We maximize value for all shareholders and business divisions in your organization by identifying investment opportunities and evaluating the potential for synergies.
We assist you in developing your strategy by identifying the areas of activity and target markets focus on. We define growth drivers and viable competitive advantages through feasibility assessments and effective implementation planning.
Mergers & Acquisitions strategy is an effective growth driver for any organization wishing to create or leverage a competitive advantage or enter new markets and territories.
Tefen helps its clients identify and develop the most feasible strategy to fulfill shareholders' vision and targets.
M&A success demands research and preparation, and careful execution. Tefen works with clients throughout this process, while using well-proven methods and tools, to ensure optimal integration.
While examining an acquisition target, we conduct a structured due-diligence of the potential purchase, business, and the organizational and operational compatibility; and of the alignment of the potential target to the buyer's resources, capabilities and strategic vision.
M&A success requires a wide examination of the entire process, from vast strategic aspects to drilled-down implementation:
1. First, Tefen maps the strategic activity in the specific field, peripheral markets and the characteristics of the potential acquisition targets. Potential synergies and critical attributes are also investigated and quantified.
2. The most attractive opportunity is based on the highest value for the organization (short & long term) and maximal ease of implementation to ensure value capture.
3. Tefen then performs a thorough due-diligence of the merged organization, covering all operational and organizational aspects and analyzing the benefits and risks that might follow the merge. In this part, we normally quantify value and pricing scenarios.
Following the acquisition decision, Tefen investigates the acquired organization's vision and business plan and its compatibility to the buyer's strategy. Tefen also issues alignment procedures.
We support our clients with execution, from initial alignment to the establishment of a steady state, correlated with defined objectives and work plans.
A shifting landscape forces Life Sciences and Pharmaceutical R&D organizations to embrace change. Tefen segments this change into five main external points:
Market: Existing major markets have stagnated and new/emerging markets are becoming more attractive
Competition: Generics are becoming increasingly aggressive and traditional Intellectual Property (IP) has been threatened. The much publicized patent cliff is growing as pressures for reduced costs and innovation increase.
Saturation: A transition is occurring as the primary care blockbusters turn away from major diseases to niche diseases, focusing on innovative biologics.
Technical: Product complexity is increasing as the industry moves towards targeted treatment solutions; but the increased investment in solutions has not been translated into an increased approval rate.
Regulatory: The standard of patient care has risen dramatically and so has the standard of proof; regulation agencies are becoming increasingly demanding in their auditing processes, making clinical trials more complex and expensive.
Tefen’s methodology relies on five important steps that start with building a coherent product strategy in order to fulfill unmet medical needs. The product strategy includes ensuring a steady, balanced revenue stream for the company and a technology roadmap that exploits current and emerging technologies to deliver products that the market needs.

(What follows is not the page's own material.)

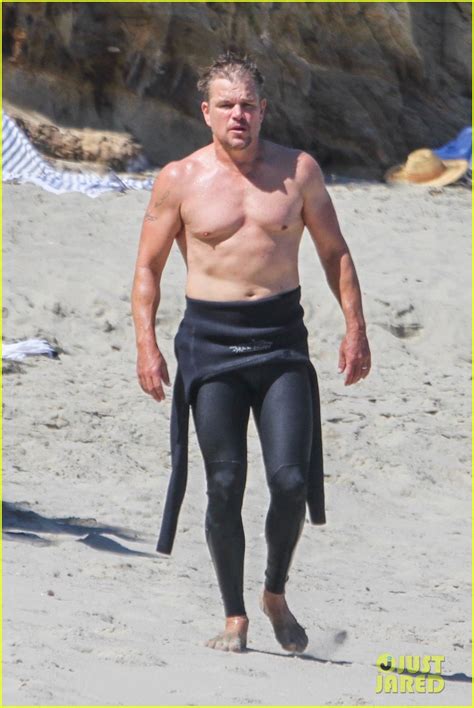 Matt Damon Shows Off His Fit Physique During Day At The Beach Photo 4473120 Matt Damon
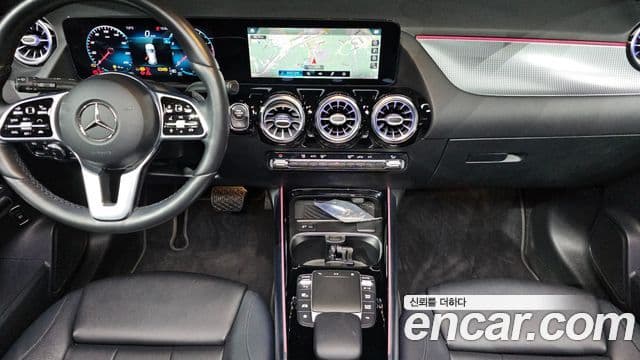 Mercedes-Benz GLA-класс H247 GLA220, 2021 14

The second step is outlining the optimal IP licensing strategy. It can be too expensive to conduct all development in-house, yet risky to allow external partners to own intellectual property. A clear strategy and well managed partnerships are critical.
The third step is the implementation of excellent development processes. Complexity in organizations, processes and legislation can extend time-to-market, jeopardize launch dates and exceed budgets.

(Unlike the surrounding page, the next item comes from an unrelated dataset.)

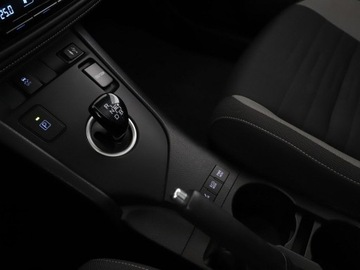 Toyota Auris II Hatchback 5d Facelifting 1.8 Hybrid 136KM 2016 Toyota Auris HEV panorama klima auto navi kamera, zdjęcie 27
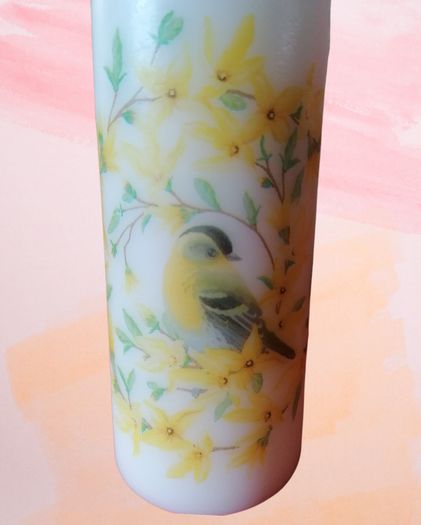 Large brand new unscented decorative pillar candle summer bird/ birthday gift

Since as much as 80% of a product’s cost is set at the development stage and there is little ability to reduce this cost during commercial life, Tefen's fourth step is to integrate a "Design-for-X" philosophy. This means making specifications meet the needs of all internal customers, not just the end customers. It also encourages a culture of innovation to drive towards practicality and manufacturability.
Finally, managing the R&D project portfolio is important to ensure investment decisions are made systematically and are strategically aligned with existing development initiatives.
Overall, Tefen’s approach involves developing structured processes and Key Performance Indicators that facilitate effective portfolio and pipeline evaluation decisions, and establish accurate and comparable data-based information to ensure fact-based decision-making and resource allocation.